[Collected data]
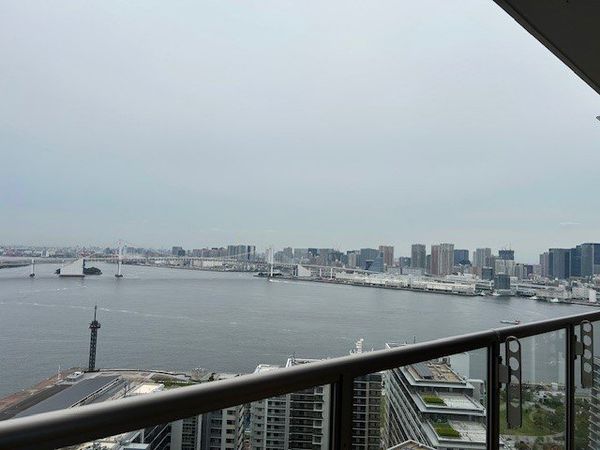 HARUMI FLAG PARK VILLAGE T棟 眺望 HARUMI FLAG PARK VILLAGE T棟 眺望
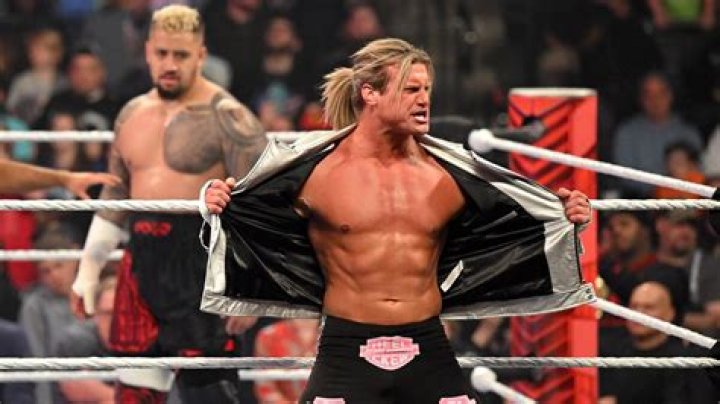 Dolph Ziggler Height, Weight, Body Measurements, Shoe Size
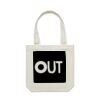 AS Colour - Canvas Tote 'Carrie' Bag  Thumbnail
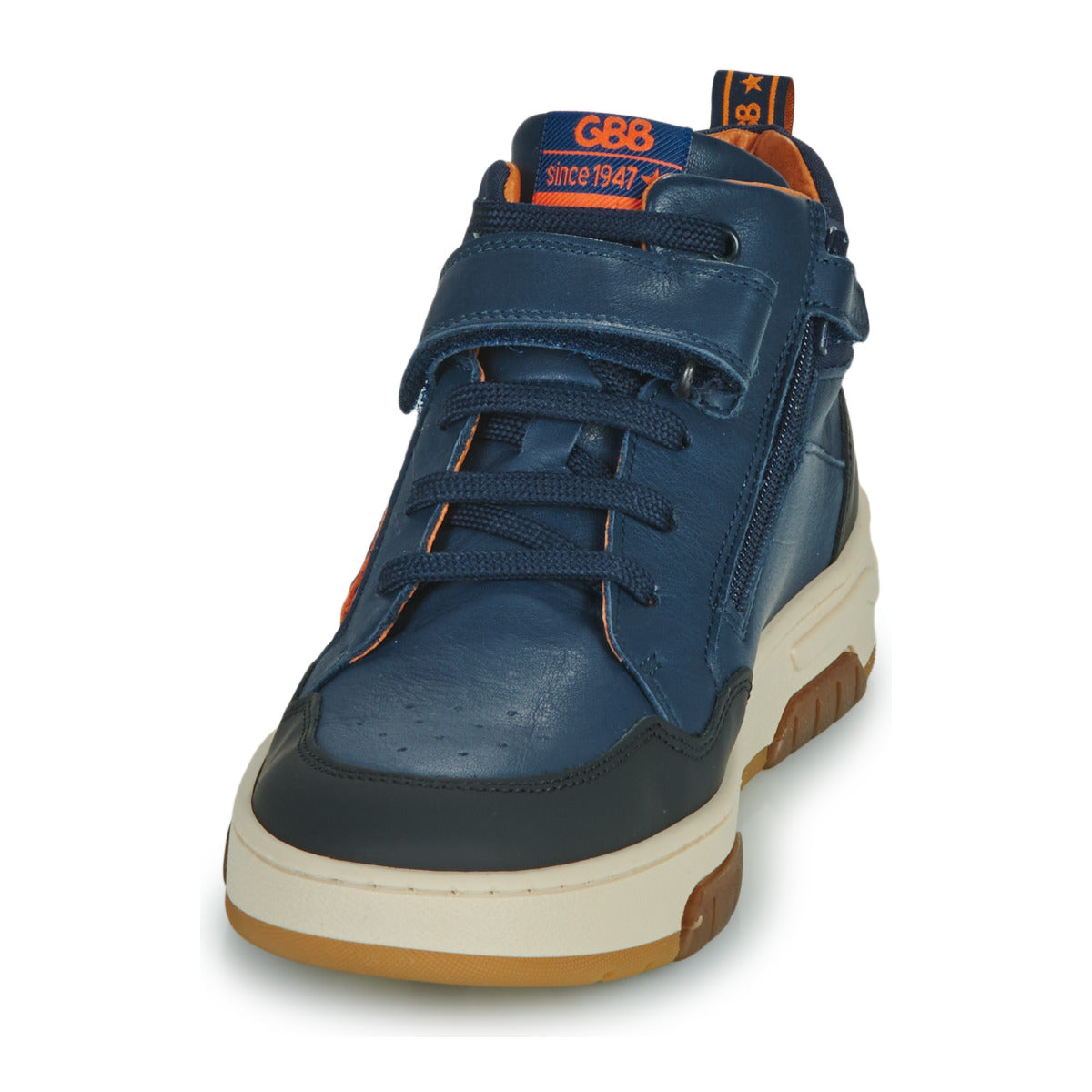 Scarpe bambini ragazzo GBB  FORIEN  Blu 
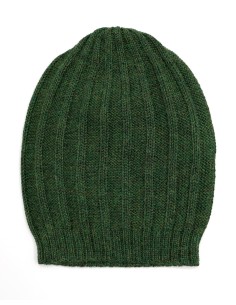 BERRETTO BIMBI IN 100% ALPACA - BOSCO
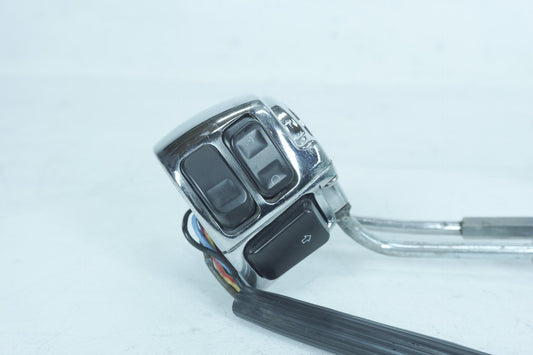 1984 - 1990 Harley-Davidson Sportster Limited Liberty Right Engine Start Kill Switches Controls 70219-86A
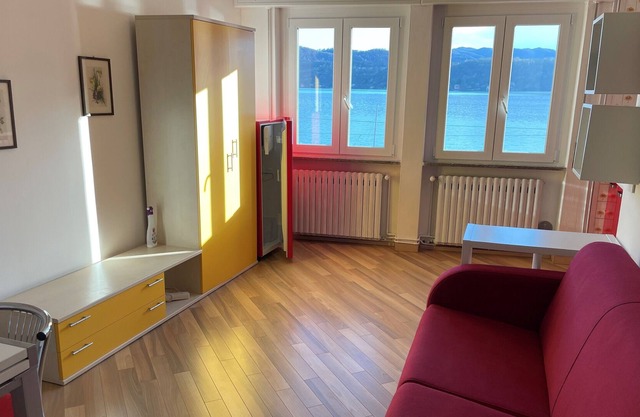 Apartment on Orta Lake very close to Orta San Giulio and Villa Crespi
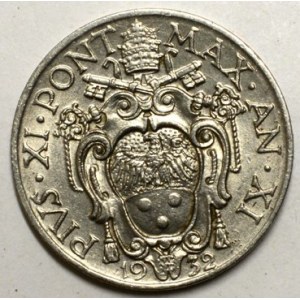 20 centesimi 1932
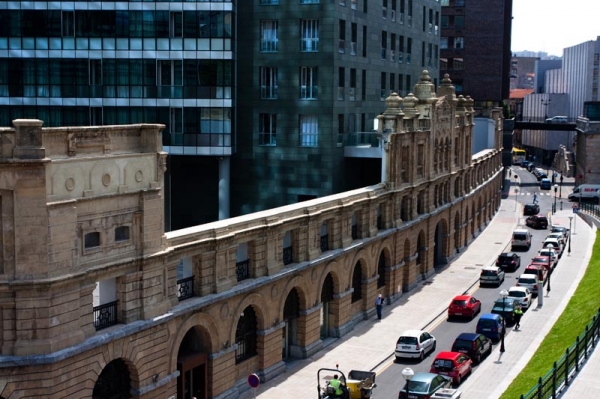 Zdjęcie z Hiszpanii - BILBAO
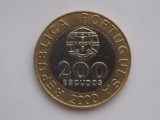 200 ESCUDOS 2000 PORTUGALIA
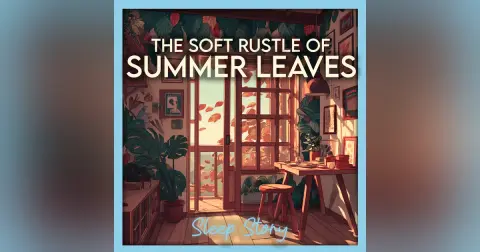 Soothing Narration | The Lullaby of the Summer Woods | Calming Bedtime Sleep Story for Deep Relaxation and Peaceful Sleep Aid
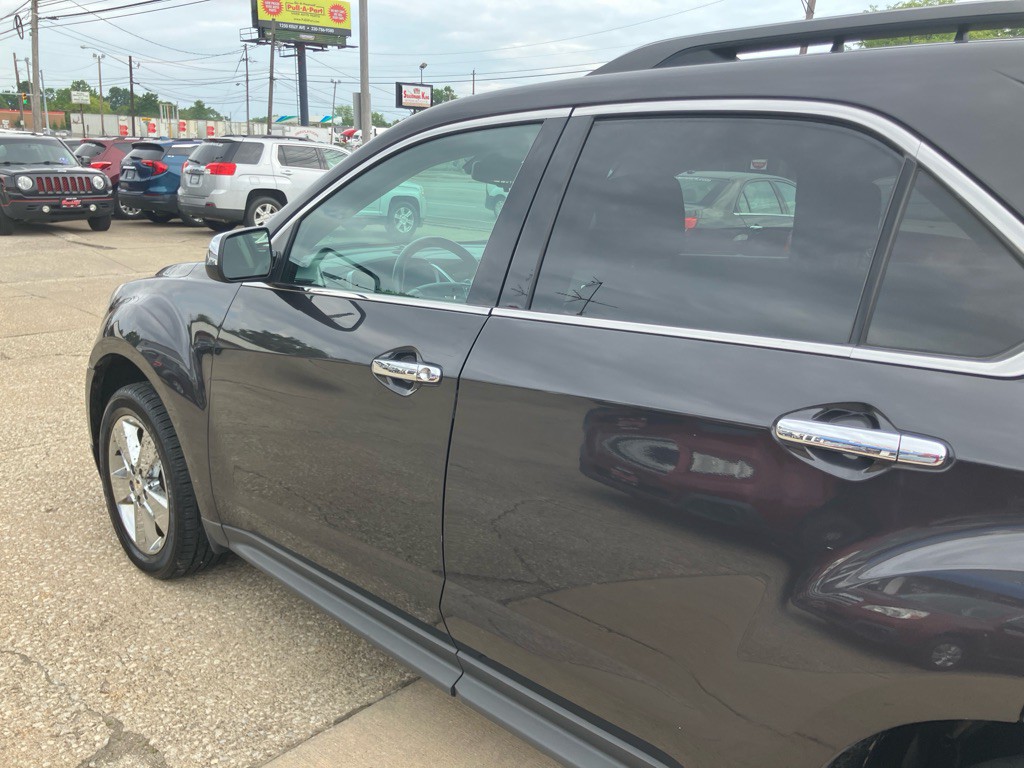2015 Chevrolet Equinox Image 5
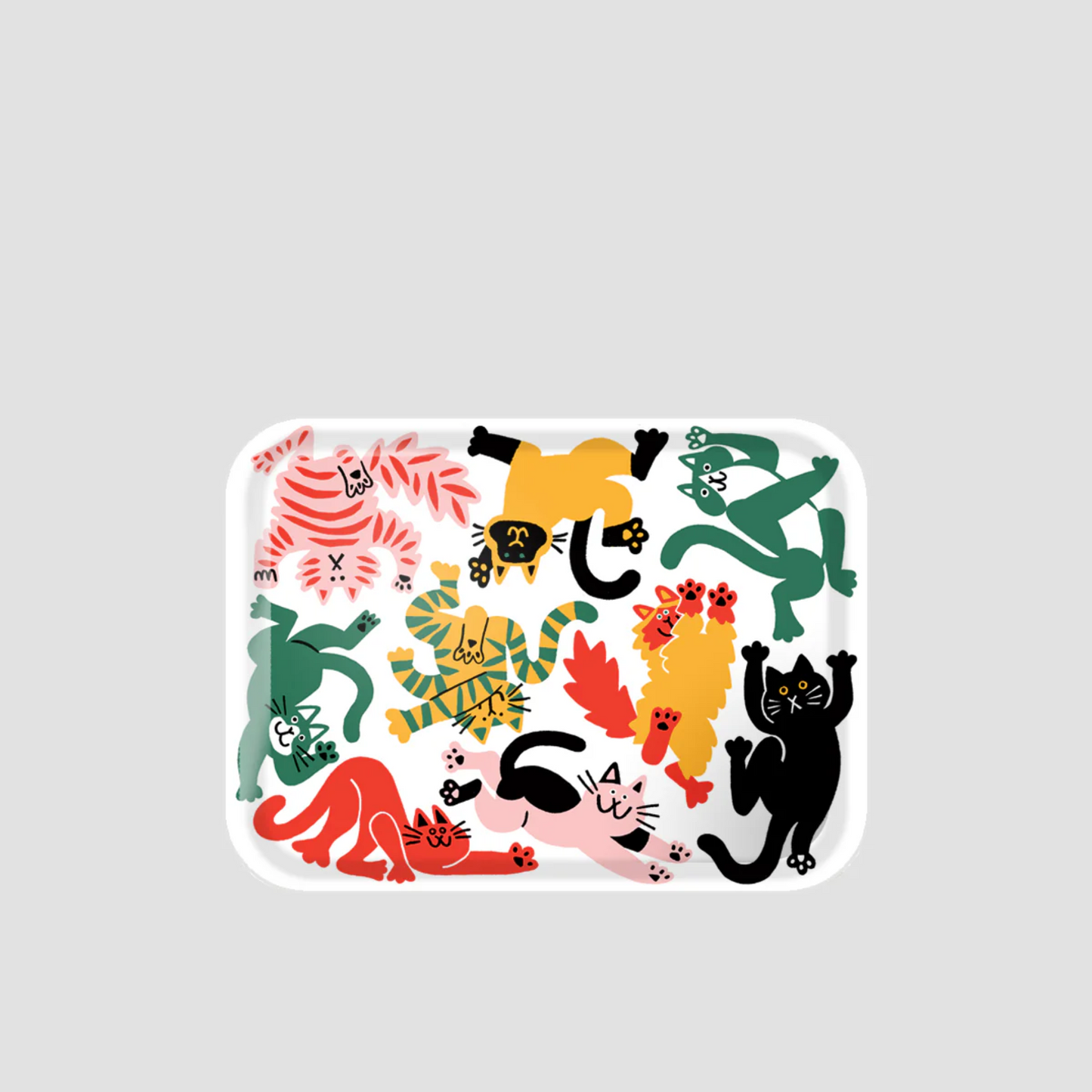 Cats Mini Tray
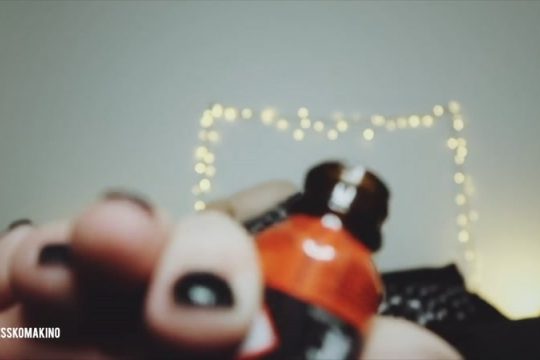 Mistress Komakino in video ‘Foot slave mindfuck’ [Dirty Talk, JerkOff]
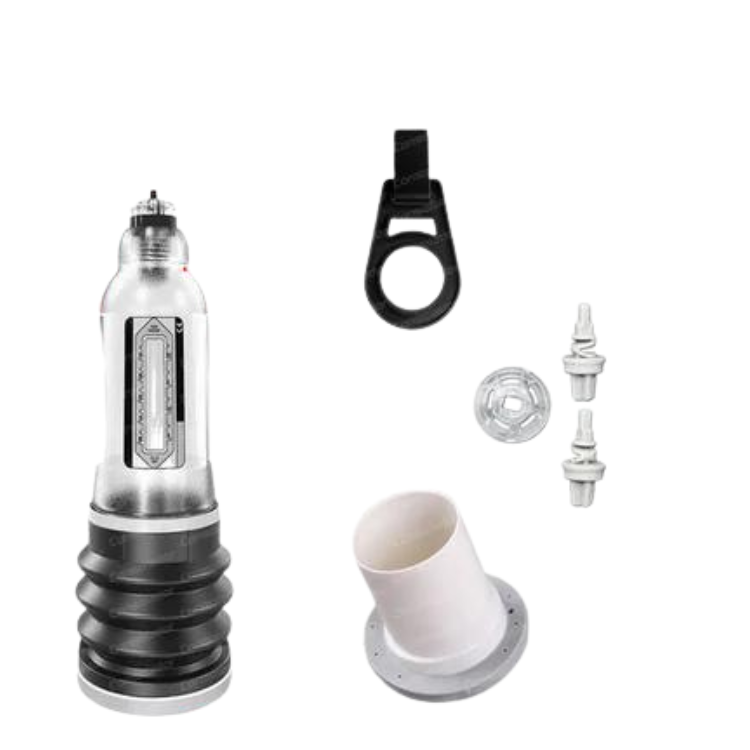 Hydro Pro Vacuum Erection Device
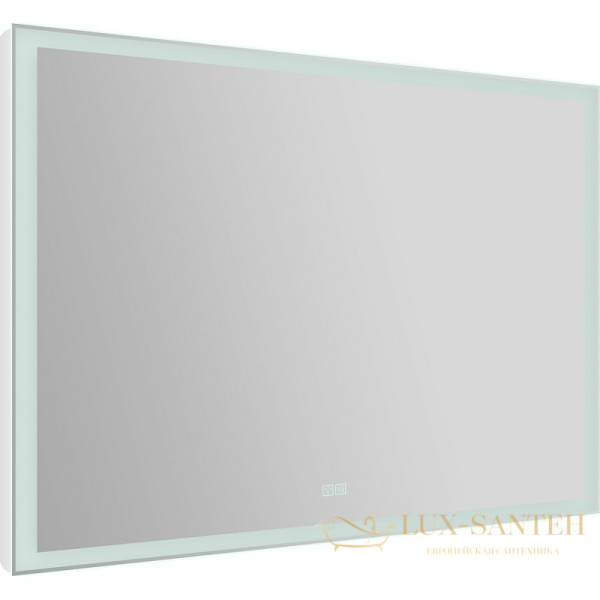 зеркало belbagno spc-grt-1100-800-led-tch-warm 110 см с подсветкой, с подогревом, с сенсорным выключателем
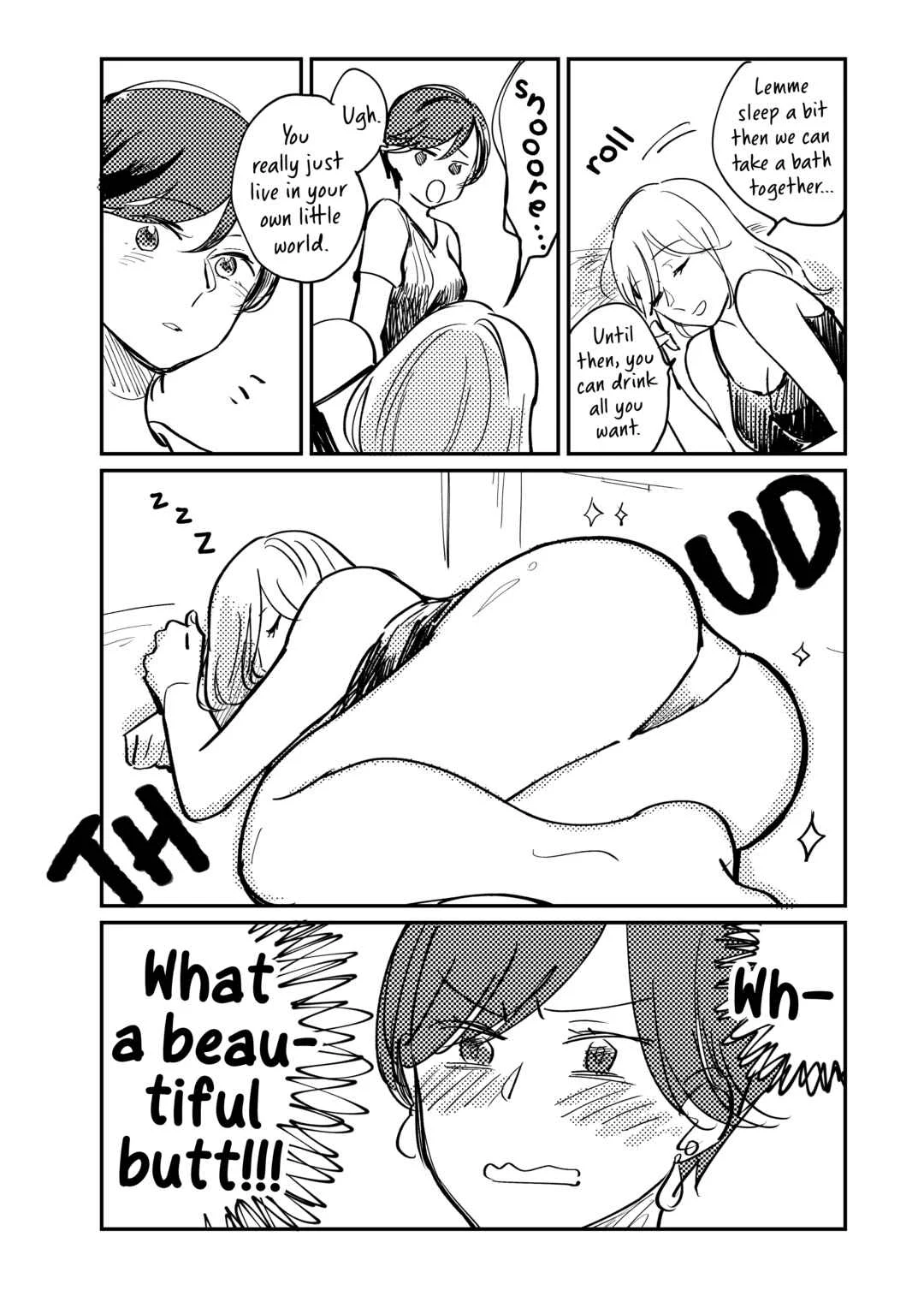 Taishokutodoke wa Poketto no Naka Chapter 1 - Page 22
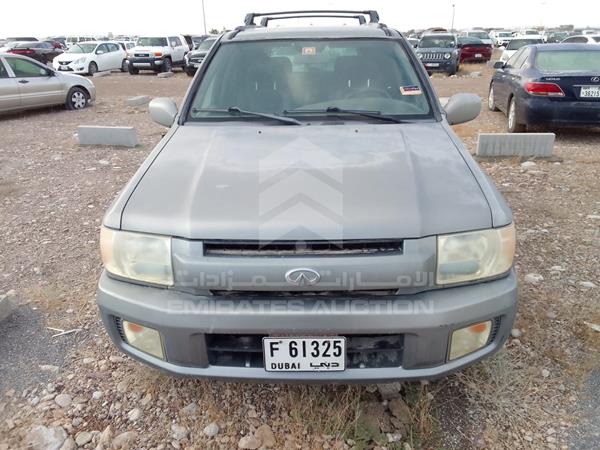 INFINITI QX4 2003 jnrdr09x23w251207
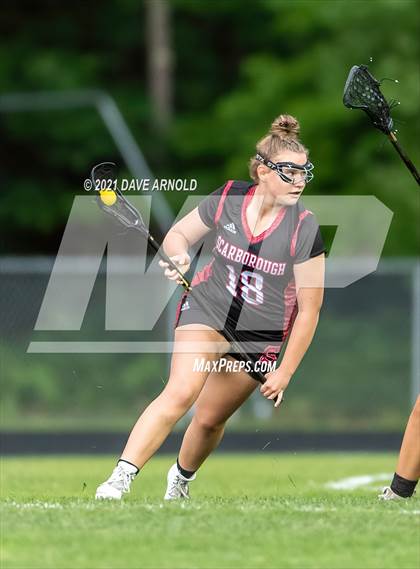 Thumbnail 2 in Scarborough vs. Kennebunk (MPA Class A Regional Final) photogallery.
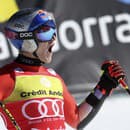 Švajčiarsky lyžiar Marco Odermatt vyhral vo štvrtok finálový super-G Svetového pohára v andorrskom Soldeu.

- [PROBLEM TO SOLVE]
Copy exactly, and only, the lines running from the one containing "Mistress Komakino in" through the final line of the data, and omit the pictures.

- [ANSWER SECTION]
 Mistress Komakino in video ‘Foot slave mindfuck’ [Dirty Talk, JerkOff]
 Hydro Pro Vacuum Erection Device
 зеркало belbagno spc-grt-1100-800-led-tch-warm 110 см с подсветкой, с подогревом, с сенсорным выключателем
 Taishokutodoke wa Poketto no Naka Chapter 1 - Page 22
 INFINITI QX4 2003 jnrdr09x23w251207
 Thumbnail 2 in Scarborough vs. Kennebunk (MPA Class A Regional Final) photogallery.
 Švajčiarsky lyžiar Marco Odermatt vyhral vo štvrtok finálový super-G Svetového pohára v andorrskom Soldeu.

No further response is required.